Dynamometer

Is it possible to use Arduino to measure and integrate the drawbar pull of a miniature steam locomotive in order to calculate the amount of work done by the locomotive during a run. With this information together with the amount of fuel used allows calculation of the efficiency.

Definitely.

You presumably have a load sensor - preferably digital - in mind and the means of mounting it?

Hi, Don't you also need to know wheel rpm / movement ?? And time? Power is force * distance * time As I recall??? Like 1 horsepower is 550 foot pounds seconds.

Doing the Engineering Thing of "exploring the limits", you could have a sequence of drawbar force but what if the train never actually moved?

But maybe I'm too young to understand steam locomotives :)

Power = force * velocity (work done per unit time = force*distance/time)

Hi, this is an international forum, kg m s please, whats foot pounds seconds? lol. :slight_smile:

If you can get drawbar force and measure track speed then the arduino should not have any problems doing the maths and taking measurements.

Tom… :slight_smile: metrics for ever…

P =M*n/9,55, .(M = torque in Nm, n = rpm) -> W= M*n*t/9,55 or W = F*d, (F = force in N, d=distance in m) -> P = F*d/t t = time in s

In all cases above the multiplications should really be integrations because the numbers not being constant

Measuring force by mounting a stringauge should be possible. Preferable on the chassis then on the pushrod. Rotaion can be measured by a ir sensor detecting sections of the wheel

Thanks for replies,

Maths no problem, measuring distance travelled no problem. I can measure the instantaneous drawbar pull using a strain gauge, but how do I integrate this for the time of the run where the pull varies widely. Can the Arduino do the integration or do I have to insert some sort of integrator circuit. I have a vague sort of memory that an op-amp can be used for this. Does anyone know a schematic for this?

regards

Glynne

I would recommend doing the math in the arduino rather than with analog circuitry. Divide a circle into maybe 16 or more segments and calculate the push rods contribution to the torque based on angle and force and sum up over a full circle.

miniature steam locomotive

How miniature? Is this a real steam engine or a steam model that is electric driven?

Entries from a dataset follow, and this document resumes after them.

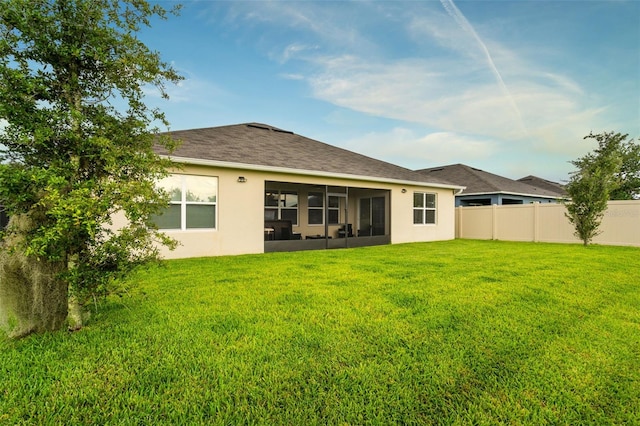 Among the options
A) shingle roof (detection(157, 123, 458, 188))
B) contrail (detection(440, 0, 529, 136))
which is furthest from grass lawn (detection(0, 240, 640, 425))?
contrail (detection(440, 0, 529, 136))

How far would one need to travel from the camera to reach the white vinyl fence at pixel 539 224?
12.4 m

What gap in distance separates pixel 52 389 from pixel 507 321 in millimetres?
4529

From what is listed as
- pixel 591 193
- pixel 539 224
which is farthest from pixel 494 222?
pixel 591 193

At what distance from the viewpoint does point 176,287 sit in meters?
5.32

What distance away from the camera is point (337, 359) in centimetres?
271

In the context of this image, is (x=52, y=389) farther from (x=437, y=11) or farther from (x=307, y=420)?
(x=437, y=11)

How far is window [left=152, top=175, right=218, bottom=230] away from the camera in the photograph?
8555mm

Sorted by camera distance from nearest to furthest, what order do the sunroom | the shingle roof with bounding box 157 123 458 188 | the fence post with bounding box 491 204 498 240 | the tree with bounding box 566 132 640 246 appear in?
1. the shingle roof with bounding box 157 123 458 188
2. the tree with bounding box 566 132 640 246
3. the sunroom
4. the fence post with bounding box 491 204 498 240

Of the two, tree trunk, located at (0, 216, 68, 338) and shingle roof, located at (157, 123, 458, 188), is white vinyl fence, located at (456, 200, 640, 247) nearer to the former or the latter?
shingle roof, located at (157, 123, 458, 188)

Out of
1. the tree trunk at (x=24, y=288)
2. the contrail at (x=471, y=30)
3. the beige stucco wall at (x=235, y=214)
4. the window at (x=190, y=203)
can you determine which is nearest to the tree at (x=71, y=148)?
the tree trunk at (x=24, y=288)

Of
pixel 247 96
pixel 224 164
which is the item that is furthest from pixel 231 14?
pixel 224 164

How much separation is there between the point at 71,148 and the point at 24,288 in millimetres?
1536

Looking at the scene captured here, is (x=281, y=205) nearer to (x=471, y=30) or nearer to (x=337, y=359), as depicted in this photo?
(x=471, y=30)

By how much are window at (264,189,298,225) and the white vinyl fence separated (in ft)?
31.9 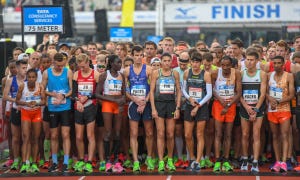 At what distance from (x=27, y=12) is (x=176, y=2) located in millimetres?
24390

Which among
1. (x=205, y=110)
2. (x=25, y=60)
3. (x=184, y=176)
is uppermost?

The idea (or reality?) of a real miniature steam engine is really cool.

And links to this 'hardware' would be nice.

Lefty

Glynne: Can the Arduino do the integration

Yes, it can do it easily. It is simple arithmetic and would only need a couple of lines of code to implement.

Thanks for all replies to my query, however none have been particularly useful. Perhaps I haven’t given enough explanation (I use the FPS system because these units were used when I was being educated.) The locomotives are 5 inch gauge weighing 200 to 500 lbs , developing of the order of .5 to 1 HP and are run on a track typically 1000 to 2000 feet length with gradients varying from 1 in 70 uphill a and 1 in 70 down hill,( so the draw bar pull may vary from negative to positive) pulling a load of 10 to 20 adults for a period of 30 minutes at a speed of 4 to 6 mph. During this time they do 500000 to 1000000 foot pounds of work with an average draw bar pull of 30 to 70 pounds and they burn 2 to 5 lbs of coal. I realise I can use the Arduino analogue inputs to measure the instantaneous draw bar pull using a strain gauge, but how do I integrate this in order to work out the average?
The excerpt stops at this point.